China May imports boost view economy is steadying, but exports disappoint
By Elias Glenn
Beijing (Reuters) – China’s exports fell more than expected in May as global demand remained stubbornly weak, but imports beat forecasts, pointing to improving domestic demand and adding to hopes that the world’s second-largest economy may be slowly stabilising.
Exports fell 4.1 percent from a year earlier, the General Administration of Customs reported, saying the foreign trade environment remains a challenge.
Imports dropped 0.4 percent from a year earlier, the 19th straight month of declines but the smallest since they turned negative in November 2014.
The improvement likely reflected higher commodities prices but also a pick-up in domestic demand as Beijing hikes spending on big infrastructure projects to support growth.
China’s May crude oil imports jumped the most in over six years, with iron ore imports the highest since December and purchases of copper up more than 19 percent.
“Imports were better, due to a rebound in commodities prices and signs of restocking by firms,” said Liu Yaxin, an economist at Merchants Securities in Beijing.
But Liu said: “We are not optimistic about the economy in the second half due to limited policy support, and the government’s push to cut (industrial) overcapacity could weigh on growth… We expect the economy to grow 6.8 percent in the second quarter.”
Indeed, the outlook remained grim for China’s exporters. Shipments have now fallen for 10 of the last 12 months and there are few signs that a prolonged global trade slump is abating.
China’s shipments to the United States – its top export market – fell 12 percent in May, while shipments to the European Union – its second biggest customer – fell 2.1 percent.
“We do not expect any substantial rebounds in coming months,” said Chester Liaw at Forecast PTE in Singapore.
China’s trade surplus was $49.98 billion in May, versus forecasts of $58 billion and April’s $45.6 billion.
Economists polled by Reuters had expected May exports to fall 3.6 percent, twice the pace seen in April, and expected imports to fall 6 percent, following April’s 10.9 percent drop.
Some analysts had speculated that upbeat March economic data was largely due to a jump in steel industry activity but thought it would taper off as domestic steel prices fell.
But data showed China’s steel exports rose 3.7 percent in May from April, as cash-hungry mills shipped more abroad despite growing tensions with major trading partners which are accusing Chinese firms of dumping product on glutted world markets.
WILL IMPORTS TURN POSITIVE?
Analysts said import performance could improve further later in the year as Beijing’s more than one-year-long stimulus campaign finally seems to be paying bigger dividends.

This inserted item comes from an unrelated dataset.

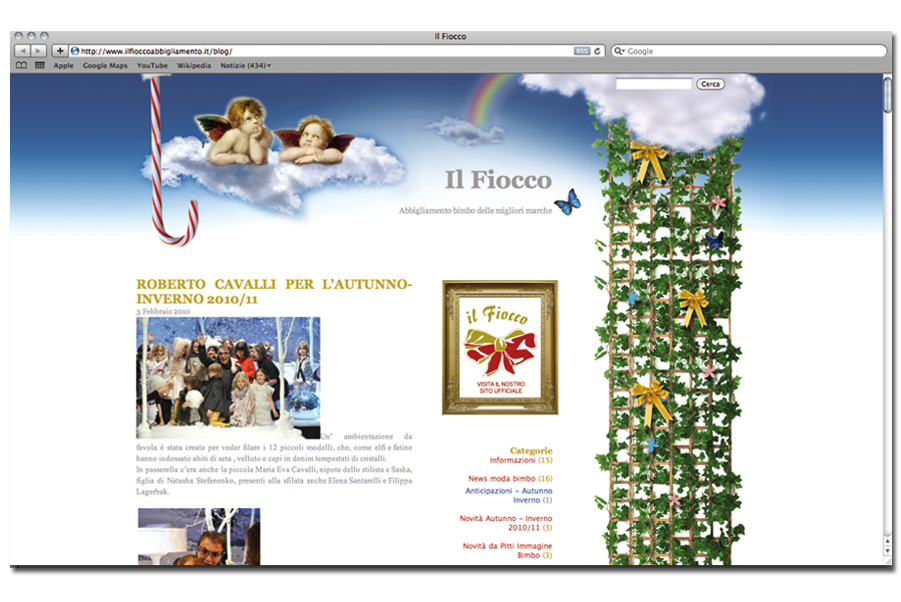 home page header il fiocco abbigliamento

“The bigger-than-expected improvement suggests that import volumes, which have held up relatively well recently and are a better gauge of underlying demand, may also have picked up,” Julian Evans-Pritchard, China economist at Capital Economics, said in a note.
“Import growth is likely to edge up further for the remainder of this year as the fall in commodity prices during the second half of 2015 enters the base for comparison and the feed-through from earlier policy easing helps prop up domestic demand. We expect it to return to positive before long.”
There was little indication that May’s trade performance would pressure China into any near-term change in its currency policy.
“We don’t expect the trade figure will change the PBoC’s attitude towards the RMB exchange rate. They still prefer stability,” ANZ analysts said in a note.
Chinese officials repeatedly pledged in two days of talks with their U.S. counterparts this week that they saw no need for a sustained weakening of the yuan currency, which many investors fear could shock the already sluggish U.S. and global economies and roil financial markets as happened in January.